Give the number of lines in the records below that include "Plant", and nothing more.

Source data
•••

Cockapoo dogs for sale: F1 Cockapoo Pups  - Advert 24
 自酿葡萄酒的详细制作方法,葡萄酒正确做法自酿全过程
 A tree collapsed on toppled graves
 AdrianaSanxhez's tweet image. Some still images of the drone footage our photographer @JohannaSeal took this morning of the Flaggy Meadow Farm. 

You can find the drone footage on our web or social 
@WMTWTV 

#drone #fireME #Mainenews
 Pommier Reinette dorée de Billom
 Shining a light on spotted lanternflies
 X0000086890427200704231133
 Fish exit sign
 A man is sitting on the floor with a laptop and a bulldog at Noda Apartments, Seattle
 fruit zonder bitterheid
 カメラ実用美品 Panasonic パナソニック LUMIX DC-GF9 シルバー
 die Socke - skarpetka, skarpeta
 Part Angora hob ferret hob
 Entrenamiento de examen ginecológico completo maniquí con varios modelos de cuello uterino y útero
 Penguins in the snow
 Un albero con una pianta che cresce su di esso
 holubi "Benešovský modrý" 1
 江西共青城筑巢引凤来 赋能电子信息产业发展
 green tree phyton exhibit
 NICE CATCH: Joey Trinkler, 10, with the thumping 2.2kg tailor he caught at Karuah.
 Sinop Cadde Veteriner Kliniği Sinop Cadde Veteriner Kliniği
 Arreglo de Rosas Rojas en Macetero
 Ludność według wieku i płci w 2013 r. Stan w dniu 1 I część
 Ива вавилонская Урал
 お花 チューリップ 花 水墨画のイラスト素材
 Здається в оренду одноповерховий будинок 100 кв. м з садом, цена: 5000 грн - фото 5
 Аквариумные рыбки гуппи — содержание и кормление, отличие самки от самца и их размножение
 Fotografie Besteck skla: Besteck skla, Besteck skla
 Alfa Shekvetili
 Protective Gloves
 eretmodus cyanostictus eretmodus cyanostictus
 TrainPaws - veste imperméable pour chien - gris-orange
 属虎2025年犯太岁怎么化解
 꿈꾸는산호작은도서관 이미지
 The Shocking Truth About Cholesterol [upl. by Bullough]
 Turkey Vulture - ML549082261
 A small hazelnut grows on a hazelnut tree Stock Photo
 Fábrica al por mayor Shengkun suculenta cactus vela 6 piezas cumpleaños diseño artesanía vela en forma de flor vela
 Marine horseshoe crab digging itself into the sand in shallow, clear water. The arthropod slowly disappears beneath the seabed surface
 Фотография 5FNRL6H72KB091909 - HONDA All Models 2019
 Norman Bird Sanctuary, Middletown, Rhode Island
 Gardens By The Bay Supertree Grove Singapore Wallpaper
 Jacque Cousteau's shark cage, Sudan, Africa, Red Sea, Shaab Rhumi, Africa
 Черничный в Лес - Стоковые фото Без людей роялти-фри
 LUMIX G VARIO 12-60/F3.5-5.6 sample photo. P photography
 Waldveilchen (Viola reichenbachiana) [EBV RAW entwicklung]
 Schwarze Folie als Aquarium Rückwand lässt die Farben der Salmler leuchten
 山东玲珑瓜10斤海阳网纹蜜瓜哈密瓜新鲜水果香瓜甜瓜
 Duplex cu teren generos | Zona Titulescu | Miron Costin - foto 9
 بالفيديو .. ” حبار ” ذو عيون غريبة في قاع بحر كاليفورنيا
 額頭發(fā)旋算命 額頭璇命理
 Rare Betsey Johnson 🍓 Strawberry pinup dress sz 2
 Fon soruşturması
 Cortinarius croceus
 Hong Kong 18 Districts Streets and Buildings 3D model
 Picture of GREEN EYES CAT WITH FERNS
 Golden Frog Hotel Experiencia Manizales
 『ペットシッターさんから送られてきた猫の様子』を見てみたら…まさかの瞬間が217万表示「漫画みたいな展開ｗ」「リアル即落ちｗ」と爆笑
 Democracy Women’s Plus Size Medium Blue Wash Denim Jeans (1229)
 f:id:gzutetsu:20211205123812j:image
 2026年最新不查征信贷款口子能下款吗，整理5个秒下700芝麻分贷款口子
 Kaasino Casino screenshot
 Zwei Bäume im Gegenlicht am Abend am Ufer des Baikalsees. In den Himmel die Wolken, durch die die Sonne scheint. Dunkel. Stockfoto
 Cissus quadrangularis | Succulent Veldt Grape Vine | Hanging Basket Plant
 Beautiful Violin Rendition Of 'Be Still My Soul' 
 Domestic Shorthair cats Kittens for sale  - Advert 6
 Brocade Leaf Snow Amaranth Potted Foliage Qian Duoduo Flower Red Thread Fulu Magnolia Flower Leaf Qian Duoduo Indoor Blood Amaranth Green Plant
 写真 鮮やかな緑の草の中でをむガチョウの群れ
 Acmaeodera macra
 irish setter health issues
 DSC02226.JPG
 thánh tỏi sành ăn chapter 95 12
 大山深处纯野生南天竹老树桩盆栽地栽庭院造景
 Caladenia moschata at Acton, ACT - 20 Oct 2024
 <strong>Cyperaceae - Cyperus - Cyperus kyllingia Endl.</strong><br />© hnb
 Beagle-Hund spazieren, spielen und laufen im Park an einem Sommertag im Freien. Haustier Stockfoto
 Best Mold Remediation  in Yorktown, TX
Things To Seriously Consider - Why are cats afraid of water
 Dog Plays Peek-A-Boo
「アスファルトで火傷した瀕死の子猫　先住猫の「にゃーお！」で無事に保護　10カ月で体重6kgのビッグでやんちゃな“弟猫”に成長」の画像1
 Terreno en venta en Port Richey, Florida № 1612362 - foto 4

•••

*WRITTEN RESPONSE*
2